When the line with "阿森纳重返巅峰之路：枪手能否再创辉煌时刻" turns up below, begin repeating exactly, and carry on through the line with "女童内衣发育期10一14岁"; no pictures go into the copy.
--- Extracted entries Enclosed Below ---
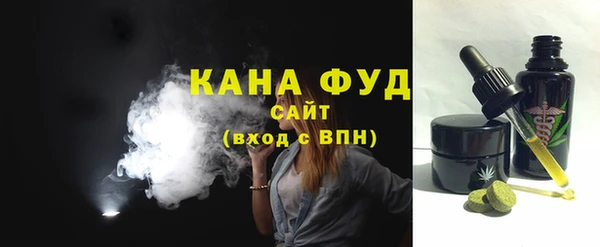мескалин Аркадак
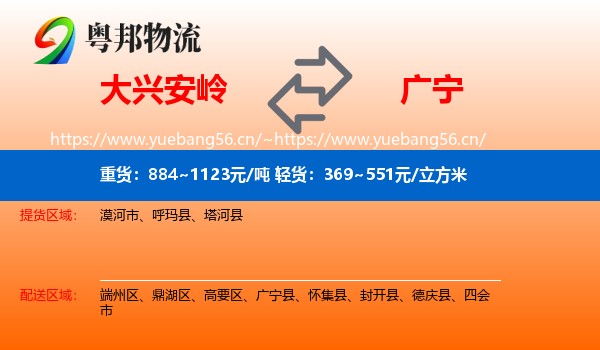 大兴安岭到广宁县物流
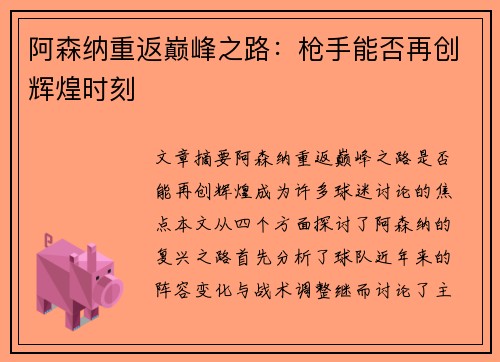 阿森纳重返巅峰之路：枪手能否再创辉煌时刻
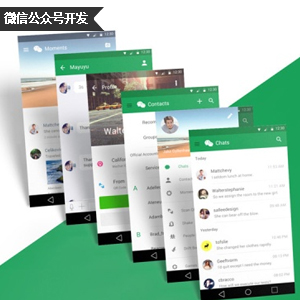微信公众号开发/微信开发/企业号/订阅号/服务号开发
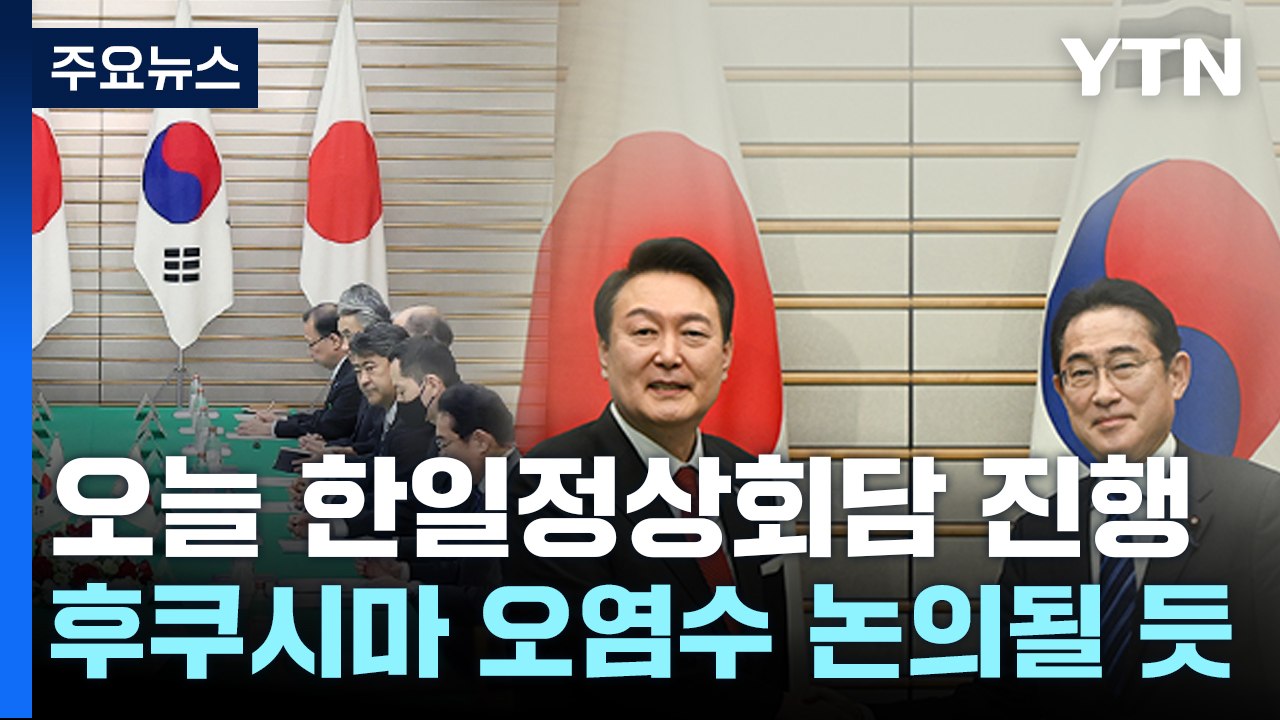 尹-기시다, 52일 만에 한일회담...후쿠시마 오염수 논의될 듯 / YTN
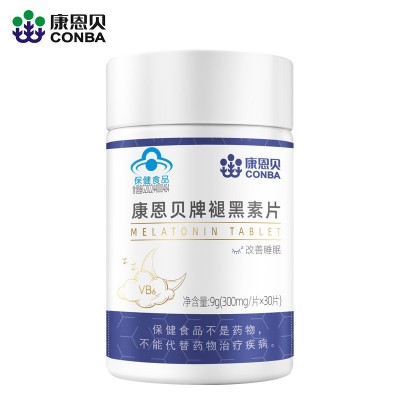 康恩贝 褪黑素维生素b b6改善睡眠 褪黑素B6片图5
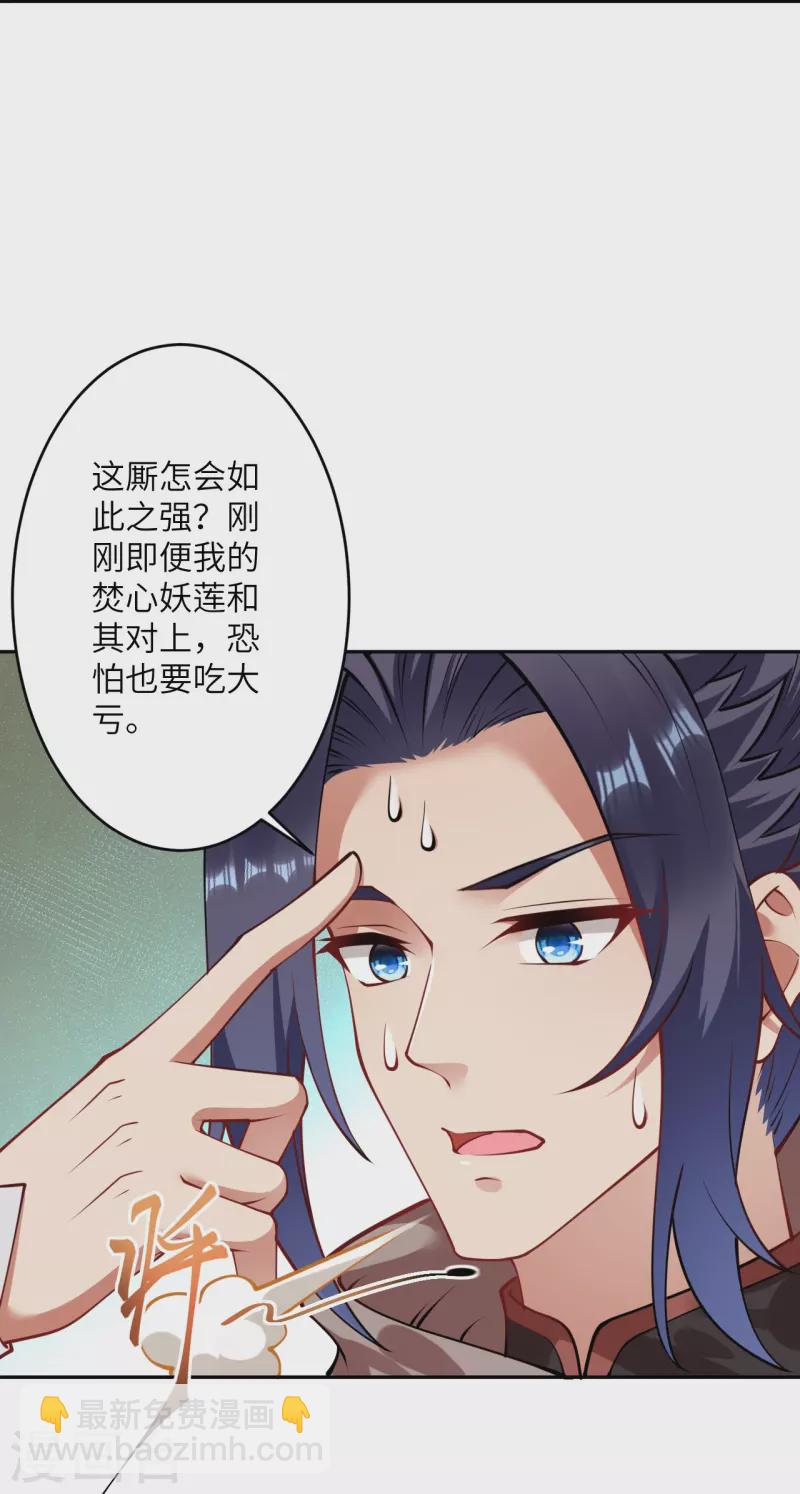 逆天邪神 - 第395話 你們不要再打了啦(2/2) - 2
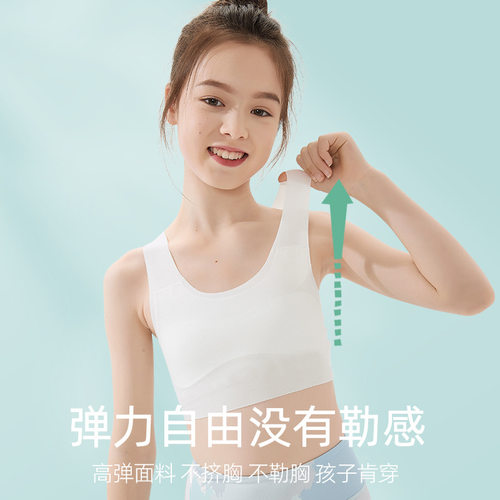 女童内衣发育期10一14岁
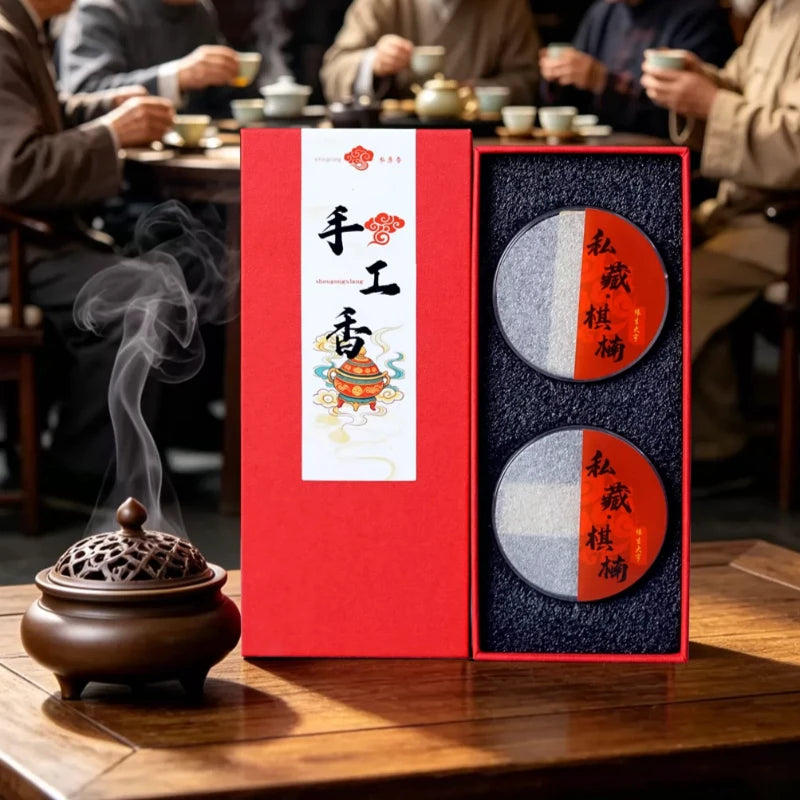 Hainan Qinan Handmade Incense Coil Natural Agilawood Pray Blessings Offer Buddha Sacrifices Purify Air Tea Room Coil Incense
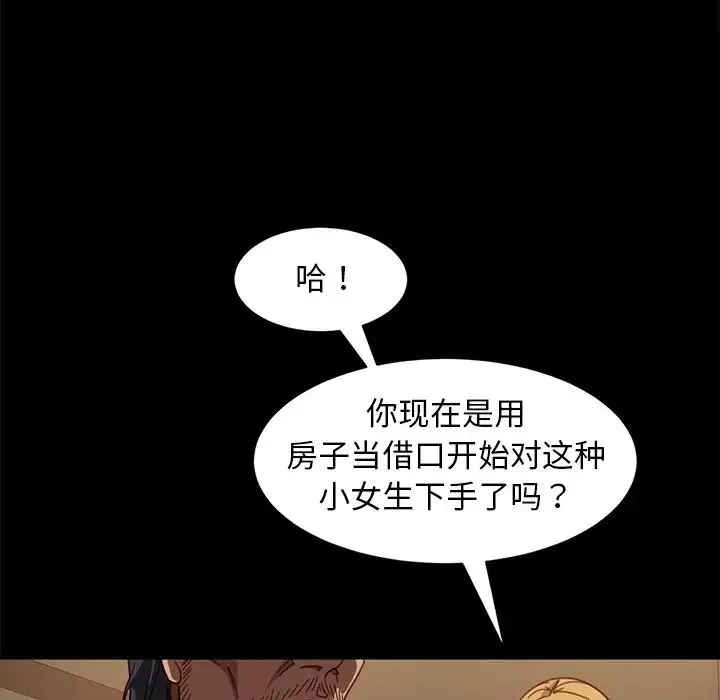 暴发户老金-第52话 - 图片 40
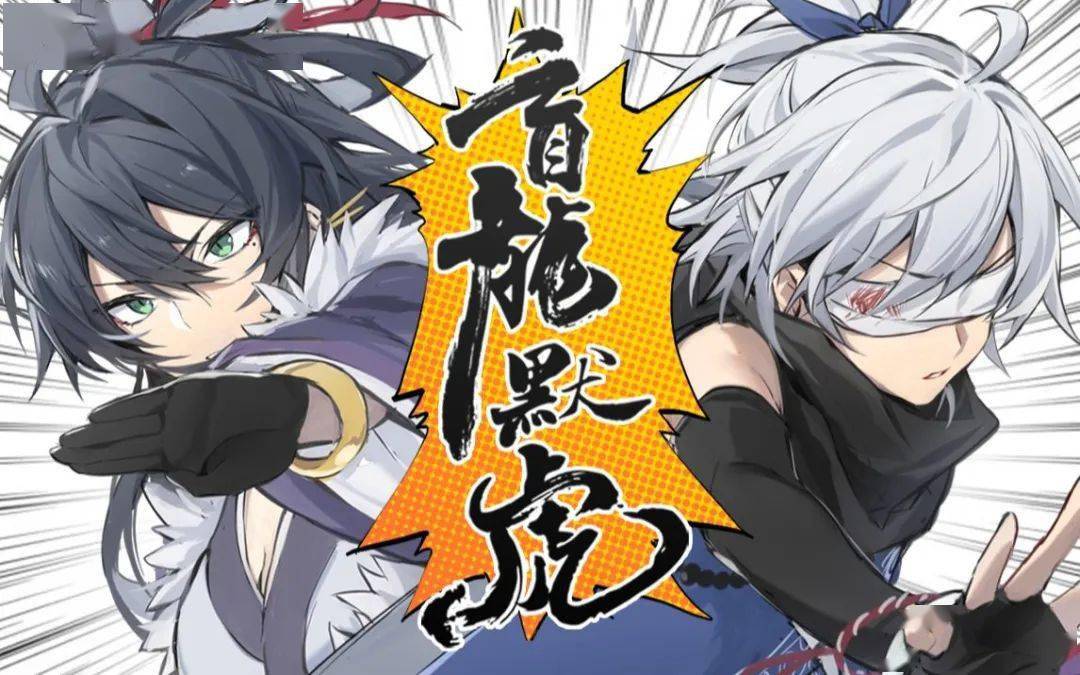 vs 邪叫教主吉他 by darkness ten 调 by 纳兰寻风绘 by 偶尤大肥羊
--- End of Enclosed Extracted entries ---
**Task response**
 阿森纳重返巅峰之路：枪手能否再创辉煌时刻
微信公众号开发/微信开发/企业号/订阅号/服务号开发
 尹-기시다, 52일 만에 한일회담...후쿠시마 오염수 논의될 듯 / YTN
 康恩贝 褪黑素维生素b b6改善睡眠 褪黑素B6片图5
 逆天邪神 - 第395話 你們不要再打了啦(2/2) - 2
 女童内衣发育期10一14岁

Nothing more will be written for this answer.